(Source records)
⟨

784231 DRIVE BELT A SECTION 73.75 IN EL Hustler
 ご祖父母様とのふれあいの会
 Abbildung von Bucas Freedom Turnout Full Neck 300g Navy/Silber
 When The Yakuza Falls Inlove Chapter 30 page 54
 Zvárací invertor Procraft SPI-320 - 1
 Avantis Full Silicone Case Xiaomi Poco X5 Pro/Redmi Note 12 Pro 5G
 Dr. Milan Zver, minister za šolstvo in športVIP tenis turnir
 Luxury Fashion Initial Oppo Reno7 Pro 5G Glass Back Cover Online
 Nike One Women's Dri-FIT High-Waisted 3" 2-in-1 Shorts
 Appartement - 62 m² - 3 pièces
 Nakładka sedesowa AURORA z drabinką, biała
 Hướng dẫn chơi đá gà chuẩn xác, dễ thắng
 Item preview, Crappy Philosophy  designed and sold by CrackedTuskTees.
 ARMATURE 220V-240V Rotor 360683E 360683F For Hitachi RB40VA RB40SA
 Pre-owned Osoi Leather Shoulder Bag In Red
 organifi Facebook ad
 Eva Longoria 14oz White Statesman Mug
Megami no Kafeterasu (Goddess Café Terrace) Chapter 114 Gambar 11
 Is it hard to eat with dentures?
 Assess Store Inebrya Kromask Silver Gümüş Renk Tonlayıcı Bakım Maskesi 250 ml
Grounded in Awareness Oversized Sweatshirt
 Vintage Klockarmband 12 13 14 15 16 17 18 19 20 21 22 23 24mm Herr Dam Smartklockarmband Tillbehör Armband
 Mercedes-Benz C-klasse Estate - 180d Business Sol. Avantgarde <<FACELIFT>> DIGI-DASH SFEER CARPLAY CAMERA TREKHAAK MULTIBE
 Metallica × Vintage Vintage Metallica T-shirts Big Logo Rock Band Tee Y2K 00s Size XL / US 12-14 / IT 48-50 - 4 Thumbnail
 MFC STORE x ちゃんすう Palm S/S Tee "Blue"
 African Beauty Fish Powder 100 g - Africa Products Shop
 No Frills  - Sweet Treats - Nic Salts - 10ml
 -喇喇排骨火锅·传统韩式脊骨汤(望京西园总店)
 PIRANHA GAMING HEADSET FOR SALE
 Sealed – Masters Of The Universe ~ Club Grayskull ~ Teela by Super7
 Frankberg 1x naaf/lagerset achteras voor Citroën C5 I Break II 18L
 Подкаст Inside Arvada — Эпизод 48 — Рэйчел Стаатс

⟩

(What is expected): Copy only this part of the entries above: the line with "Vintage Klockarmband 12", the line with "MFC STORE x", and the lines between, all exactly as written.

(Reply):
 Vintage Klockarmband 12 13 14 15 16 17 18 19 20 21 22 23 24mm Herr Dam Smartklockarmband Tillbehör Armband
 Mercedes-Benz C-klasse Estate - 180d Business Sol. Avantgarde <<FACELIFT>> DIGI-DASH SFEER CARPLAY CAMERA TREKHAAK MULTIBE
 Metallica × Vintage Vintage Metallica T-shirts Big Logo Rock Band Tee Y2K 00s Size XL / US 12-14 / IT 48-50 - 4 Thumbnail
 MFC STORE x ちゃんすう Palm S/S Tee "Blue"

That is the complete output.